Study material
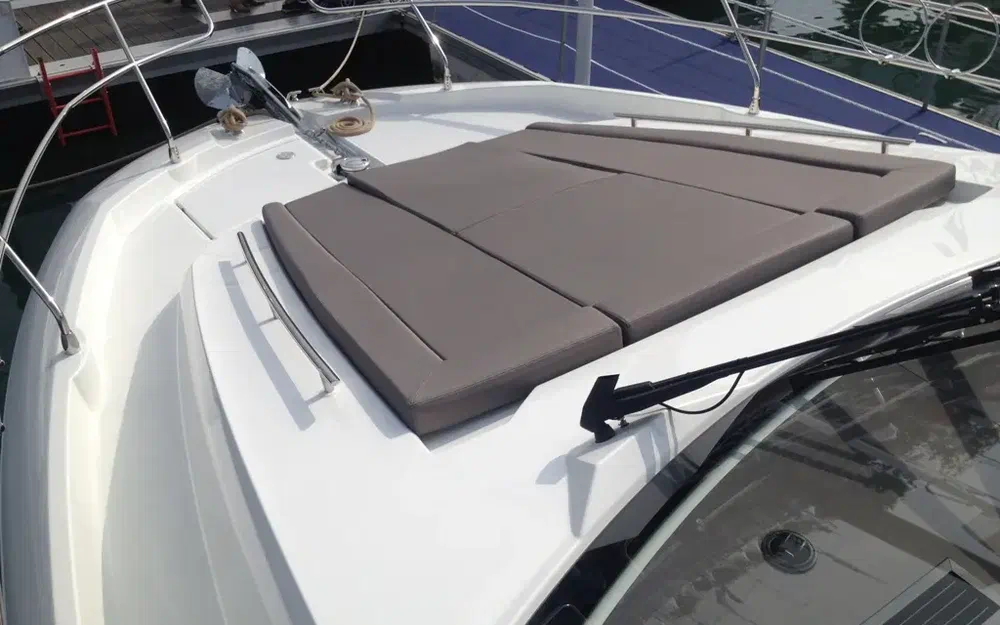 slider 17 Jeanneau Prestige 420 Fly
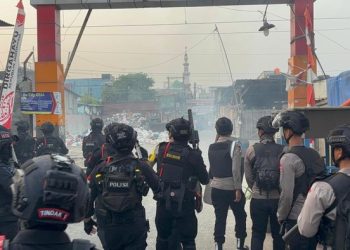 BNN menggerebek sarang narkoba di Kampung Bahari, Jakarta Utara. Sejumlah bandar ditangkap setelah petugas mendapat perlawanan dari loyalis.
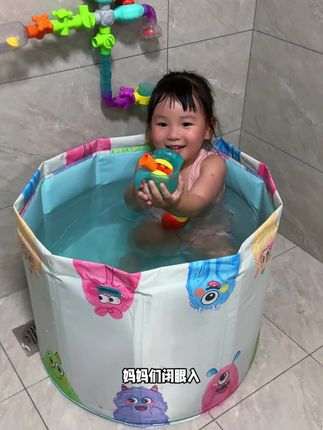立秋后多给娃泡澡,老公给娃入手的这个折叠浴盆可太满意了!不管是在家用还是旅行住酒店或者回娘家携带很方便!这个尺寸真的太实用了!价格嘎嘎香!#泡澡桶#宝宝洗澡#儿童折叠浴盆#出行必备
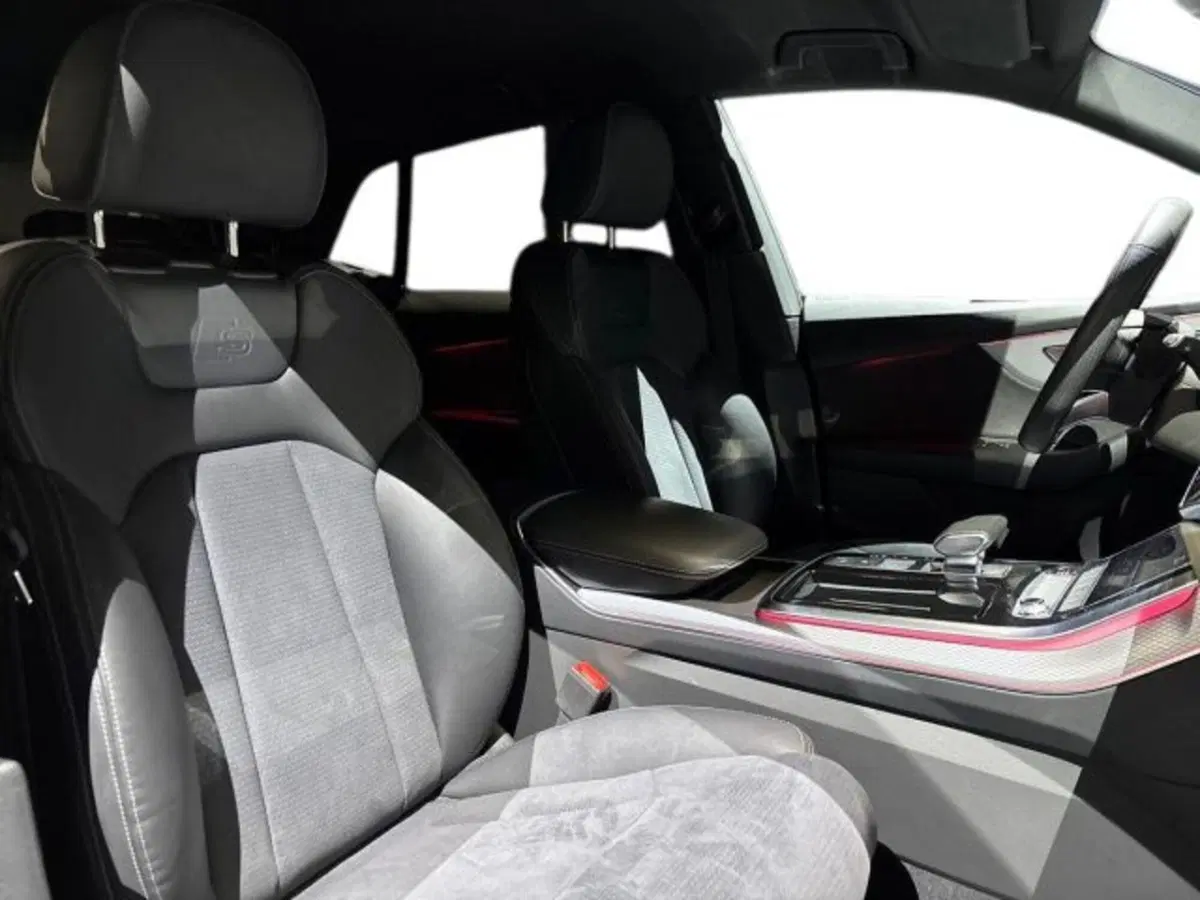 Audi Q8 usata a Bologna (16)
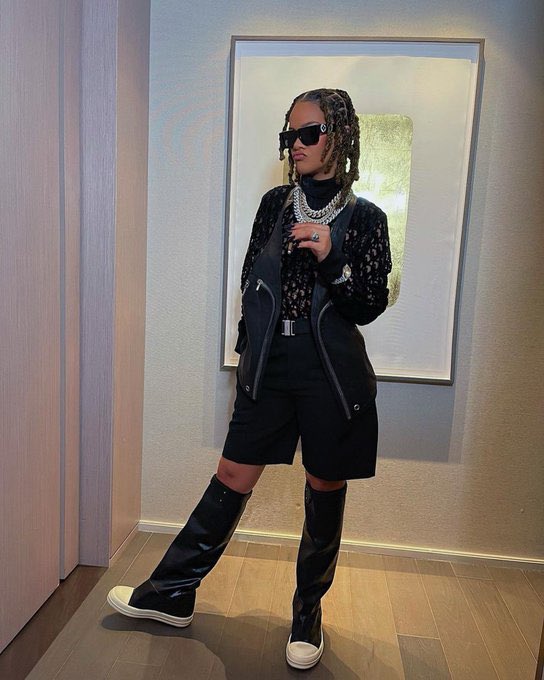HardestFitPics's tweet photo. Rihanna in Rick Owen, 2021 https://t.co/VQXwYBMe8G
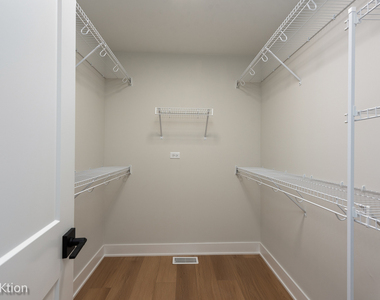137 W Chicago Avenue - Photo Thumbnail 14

--

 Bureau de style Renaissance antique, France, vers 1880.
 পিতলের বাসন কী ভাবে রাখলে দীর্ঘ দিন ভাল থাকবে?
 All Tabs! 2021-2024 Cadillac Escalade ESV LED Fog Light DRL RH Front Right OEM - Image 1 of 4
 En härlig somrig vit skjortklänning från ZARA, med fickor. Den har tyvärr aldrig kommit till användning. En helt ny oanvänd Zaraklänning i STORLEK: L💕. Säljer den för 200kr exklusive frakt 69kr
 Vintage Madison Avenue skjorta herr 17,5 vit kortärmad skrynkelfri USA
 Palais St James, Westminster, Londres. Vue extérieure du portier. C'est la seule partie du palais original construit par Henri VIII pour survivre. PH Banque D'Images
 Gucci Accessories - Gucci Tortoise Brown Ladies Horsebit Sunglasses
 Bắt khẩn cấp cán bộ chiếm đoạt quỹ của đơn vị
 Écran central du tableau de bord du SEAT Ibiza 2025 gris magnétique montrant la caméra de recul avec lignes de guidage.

...

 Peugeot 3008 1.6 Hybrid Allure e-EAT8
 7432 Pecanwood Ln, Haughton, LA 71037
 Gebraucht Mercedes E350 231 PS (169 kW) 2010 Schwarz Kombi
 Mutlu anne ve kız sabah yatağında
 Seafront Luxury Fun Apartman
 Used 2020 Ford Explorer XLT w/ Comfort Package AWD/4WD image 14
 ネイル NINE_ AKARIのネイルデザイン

Problem description
In the listing above, find the line with "Used 2020 Ford" and the line with "ネイル NINE_ AKARIのネイルデザイン"; output exactly those lines and all lines between them.

Reply to the exercise
 Used 2020 Ford Explorer XLT w/ Comfort Package AWD/4WD image 14
 ネイル NINE_ AKARIのネイルデザイン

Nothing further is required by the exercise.